IT was good while it lasted, but it was too good to last for too long. The complacency has ended as we see terrorists still striking nationally. The official reaction has been swift and furious. But swift and furious do not often add up to effective. The top soldier has vowed to avenge terrorism. Top analysts have penned articles on how to do so. But talk of avenging terrorism is troubling, for it often implies anger and disregard for the rules.
Predictably, many immediate reactions have shown such disregard and ineffectiveness. Cross-border action breaks international law, will only push terrorists deeper into Afghanistan and may make neighbours retaliate. Sealing official borders disrupts innocent civilians’ lives and trade without deterring terrorists who may use other paths. Military courts are ineffective and discourage judicial reform. Evicting Afghan refugees breaks refugee law and apes Trump’s mean actions.
Seeking justice is a more apt goal. It implies respecting law, using both military and diplomatic means, and reviewing our own follies. In 2006, terrorism’s hubs lay in plain sight within our borders but we dithered as the army, ruling then, developed the same compulsions that stop politicians from targeting terrorists. Increasing insecurity hastened democracy’s return in 2008 which transferred the army’s national (but not regional) compulsions to politicians. This allowed it to start meaningful actions against terrorists, leading to the seemingly very potent Zarb-i-Azb.
Seeking justice is a more apt goal.
By 2016, we had almost perfected the art of having our cake and eating it too: protecting ourselves against major terrorism without curbing our regional aims. But 2017 has broken this myth and shown that blowback is inevitable. Now we are upset and puzzled even though it was inevitable.
What do we do now? We can try to secure soft targets. But terrorists will still find places where desperate suicide bombers can cause fatalities that spread chaos. We can aim to choke the transmission routes and facilitators. Most effective is eliminating hubs. But they lie across the border now. Firing at them may cause initial loss, but nimble-footed terrorists will soon regroup far enough from the border to be safe. We can wade deeper into alien territory chasing them. But that is risky. Afghan forces may attack us. More likely, terrorists may ambush us in areas alien to us but familiar to them. It is also against international law even in retaliation for cross-border attacks.
We can demand from the hosts to clamp down on these groups. But this involves states we have gripes with — Afghanistan, US and even India. We have been stone-walling their similar demands for years under different pretexts: provide better proof, we are busy with our own war, why should we fight your wars, we have already cleared terrorists from our soil; or these are not terrorists but freedom fighters.
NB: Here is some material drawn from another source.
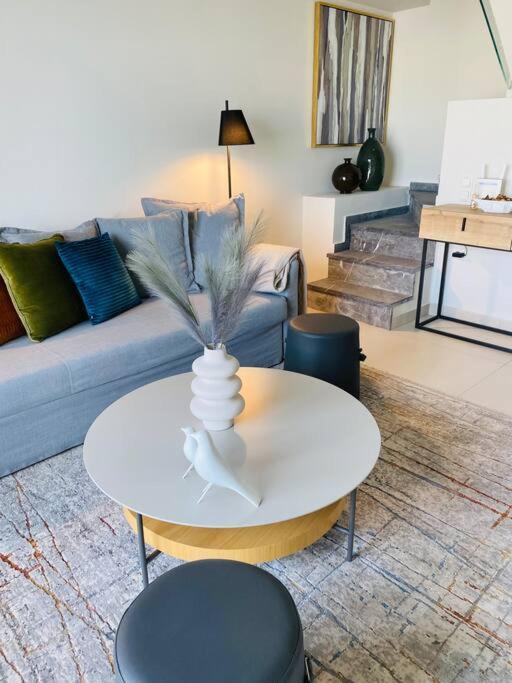 Luxury Maisonette With Shared Pool Atene Esterno foto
At best, they will repeat these pretexts back to us and demand reciprocity. At worst, even that may not be enough to gain cooperation.
But this thought must not deter Pakistan from reviewing its regional policies. Basing its policies on principles, laws and logic alone will produce best long-term results whatever the policies of others. In Afghanistan, Pakistan pursues a place for the Afghan Taliban in the political set-up, despite years of efforts not even getting peace talks started earnestly. Chances that they will start now are remote, and that they will succeed and produce a lasting and functional governing coalition which secures Pakistani interests are almost zero. Pakistan should instead focus on working with others to eliminate the Afghan Taliban militarily, by choking their supplies, eliminating their leaders and working to develop good relations with whoever rules Afghanistan, as does China.
In India-held Kashmir, we argue it is not terrorism but a freedom struggle. This mixes goals with means. Freedom is a goal and terrorism one means to it. One can be both a freedom fighter and a terrorist if one kills civilians in pursuing freedom. Terrorism cannot be justified despite Indian state terrorism. Freedom fighters could justify non-terrorist militancy, ie, targeting only armed forces, as a last resort. But it is wrong for a state to support even that even in a disputed area. We must only support peaceful means in IHK and encourage local groups to pursue only them.
We say we no longer support militants in Afghanistan and India. But outsiders and credible local media sources doubt this. Perhaps, it is fringe spy elements and not the state supporting them. But Pakistan must take tangible steps that remove all doubts on this count, including muzzling militant groups operating openly. Only such a basic rethink will secure Pakistan. Otherwise, gains against terrorists will again be temporary. The current uptick will likely subside soon. But future upticks may keep coming.
The writer heads INSPIRING Pakistan, a progressive policy unit.